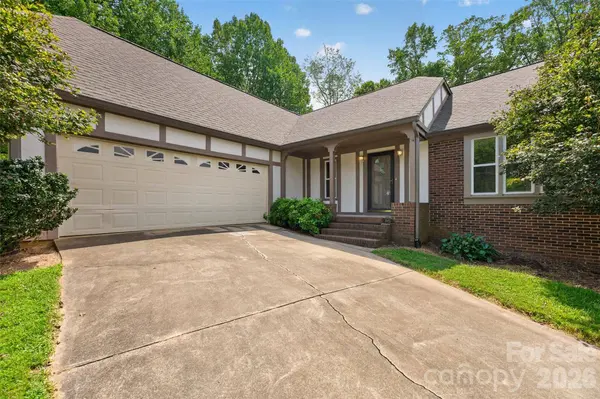 2923 Dogwood DR, Claremont, NC 28610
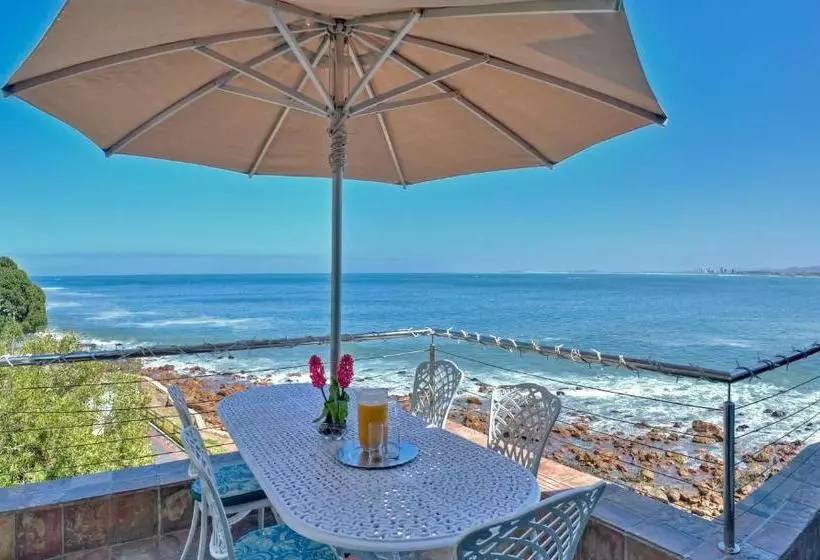 Fotos del hotel 185 Beach Road Villa And Apartments:  9
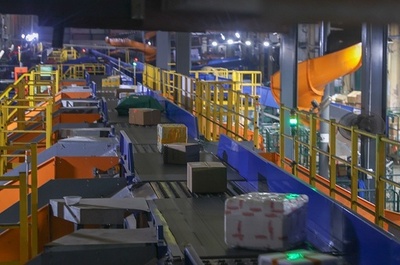 中国の宅配便市場規模 11年連続で世界首位を維持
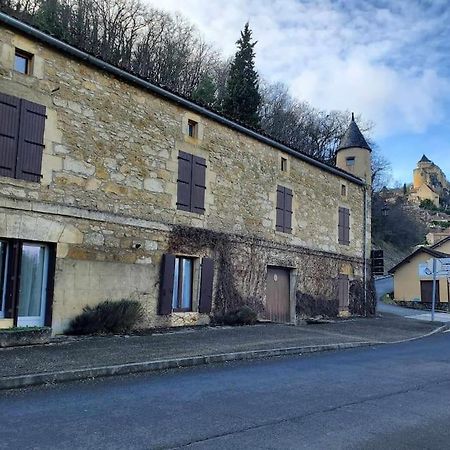 Studio Au Pied Du Chateau De Castelnaud Exterior photo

-- DIRECTIONS FOR THIS TASK --
Write out the data word for word, with every picture dropped.

-- WRITTEN SOLUTION --
 2923 Dogwood DR, Claremont, NC 28610
 Fotos del hotel 185 Beach Road Villa And Apartments:  9
 中国の宅配便市場規模 11年連続で世界首位を維持
 Studio Au Pied Du Chateau De Castelnaud Exterior photo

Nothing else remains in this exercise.